Charlotte Hornets Owner Michael Jordan, who supported the NBA’s decision to pull the 2017 All-Star Game, but who lobbied other owners to ensure that the city would be awarded the game again should the politics in the state allow it, celebrated the news.
“We are thrilled the league has awarded NBA All-Star 2019 to the City of Charlotte,” said Jordan. “We want to thank Commissioner Silver for his leadership throughout this process and for the decision to bring NBA All-Star back to Buzz City.

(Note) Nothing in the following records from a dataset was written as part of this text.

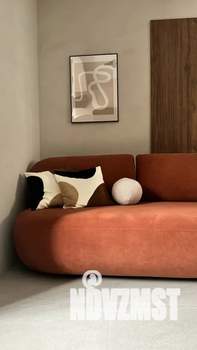 1-к квартира, посуточно, 40м2, 4/6 этаж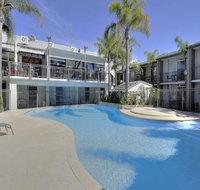 Resort Serviced Apartments - Mandurah - E Caravan Parks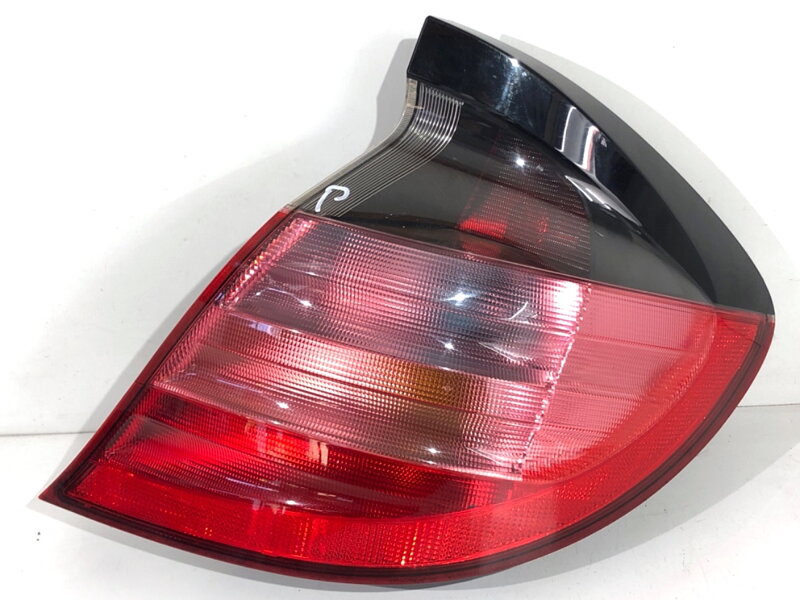 Světlo pravé zadní Mercedes-benz Class C Coupe (CL203) 2001 - 2011 A2038200664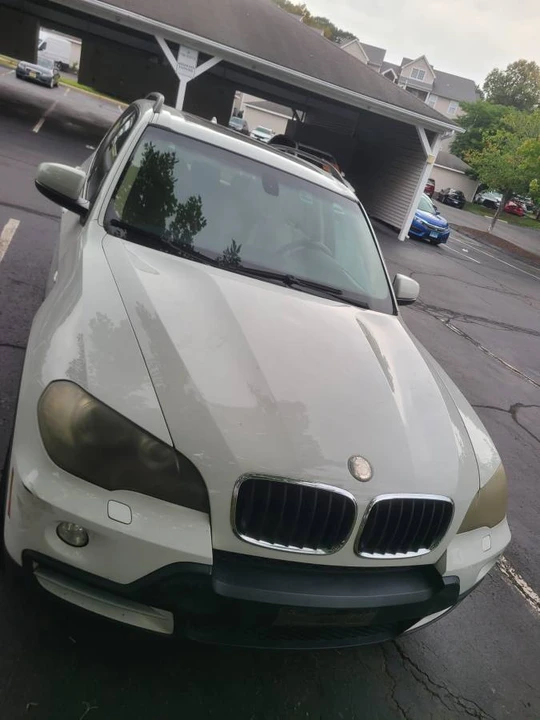 2008 BMW E70 X5 - Image 5 of 5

All-Star weekend is an international event that will provide a tremendous economic impact to our community while showcasing our city, our franchise and our passionate Hornets fan base to people around the world. We look forward to serving as hosts for NBA All-Star 2019 and welcoming all visitors and guests to our Spectrum Center.”
— Charlotte Hornets (@hornets) May 24, 2017
The NCAA and ACC also ended their boycott with the passage of HB142. Many of the cities and states have kept their boycotts going, however, continuing to ban non-essential, state or city funded travel due to the continued discrimination of LGBTQ people in North Carolina.
“We need to see concrete guidelines and policies put in place that will live up to the proposed principles put forward by the NBA designed to protect all of its players and fans,” said Equality NC Interim Executive Director Matt Hirschy in a statement emailed to LGBTQ Nation. “As we move forward with the NBA All-Star Game returning to Charlotte, LGBTQ people must be invited to the discussions between the NBA, the city of Charlotte and NCGA leadership to provide input and feedback on how to best protect LGBTQ people.”
“North Carolina’s discriminatory law prohibits the city of Charlotte from implementing non-discrimination protections for LGBTQ residents and visitors attending the All-Star Game. Nothing has changed that fact,” said HRC Senior Vice President for Policy and Political Affairs JoDee Winterhof. “It’s critically important that people understand the gravity of this situation, which has had the effect of extending discrimination and endangering LGBTQ people across the state of North Carolina.”